Global revenue in the growing 3D printing market is expected to more than double by 2020 to $35.4 billion, with printers and printer materials driving almost half of the total, while software and services will drive the rest.
That’s the conclusion of a new 3D printing report by analyst firm IDC, which forecast that the market segment will more than double by 2020 from the current $15.9 billion in revenue forecast for the segment in 2016. That rise in revenue represents a compound annual growth rate of 24.1 percent through 2020.
3D printers have been used in industrial and commercial applications for several decades by a wide range of product manufacturers, aerospace companies and others to quickly design and produce prototypes, molds, one-off parts and more without having to invest lots of money and time, according to an earlier eWEEK story. Major manufacturers of 3D printers include Stratasys, 3D Systems, ExOne, EOS, Concept Laser, Arcam, Beijing Tiertime and XYZprinting. Top-of-the-line industrial 3D printers can sell for as much as $5 million, while consumer-based devices can be purchased for as little as $499 from other smaller vendors.
“Customer spending on 3D printing capabilities is following the market away from mass market consumer printers towards holistic solutions that enable higher-end—and more profitable—use cases,” Christopher Chute, an IDC analyst, said in a statement. “As the market for printers, materials and services matures, IDC expects new 3D printing capabilities to enable a next-wave of customer innovation in discrete manufacturing, product design, and life sciences.”

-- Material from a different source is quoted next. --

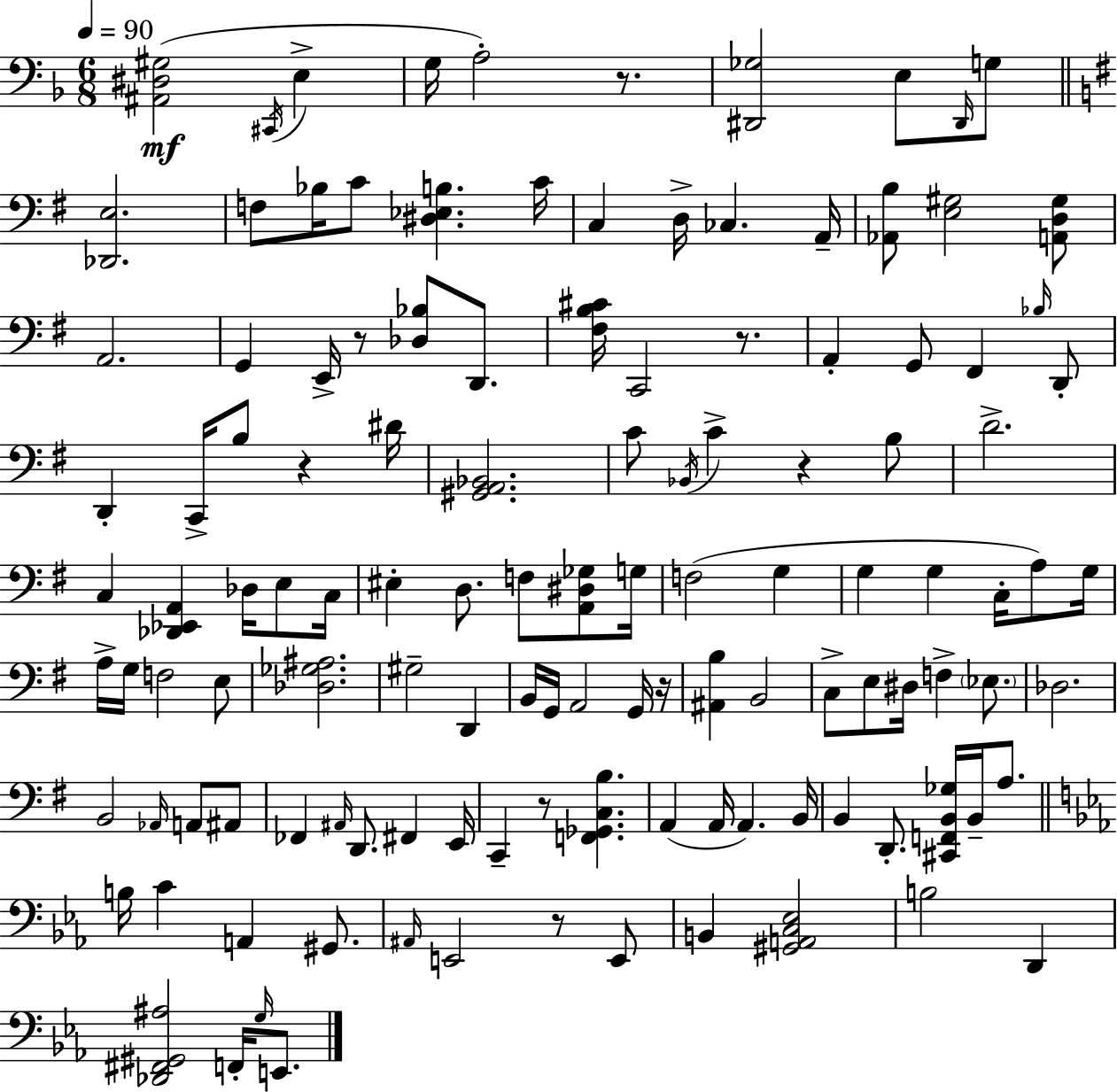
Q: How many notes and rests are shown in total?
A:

IDC predicts that the most popular use cases that will drive the highest revenues for 3D printing in 2016 include some $4 billion for automotive design rapid prototype printing and some $2.4 billion for aerospace and defense parts printing, according to the report. Also looming as a strong market is dental printing, the report states.
“IDC expects the worldwide 3D printing market to continue its rapid expansion over the next several years, driven by the need to reduce manufacturing cycle times and to reduce prototyping costs,” Keith Kmetz, another IDC analyst said in a statement. “This growth will be fueled by an explosion of 3D printer manufacturers from around the world, seeking to capitalize on the anticipated growth in this market with faster printers that offer better quality output at lower prices.”
Healthcare and professional services will continue to be strong users of the technology, while retail users will experience the greatest revenue growth and become the fourth largest user of the technology by segment by 2020, the report continues. “Meanwhile, revenues from consumer 3D printing will grow modestly as this market has already matured,” the report added.
The data was reported as part of IDC’s Worldwide Semiannual 3D Printer Spending Guide.
HP joined the 3D printing marketplace when it announced in April 2015 that it would be building and selling the devices for business and industrial users.
In the past five years, 3D printing has been growing much faster as enterprises of all sizes find out they can buy a device for as little as $500 and begin trying out new ideas they never dreamed of in the past. Much of the latest enthusiasm for 3D printing comes from a blooming hobbyist or “maker” movement that has helped bring down the cost of smaller devices to where companies of any size can now afford to try one.
3D printers typically work by laying down layer upon layer of material to gradually build up a part until it is complete. There are seven different technologies used in 3D printers that work with various materials, including plastics and metals.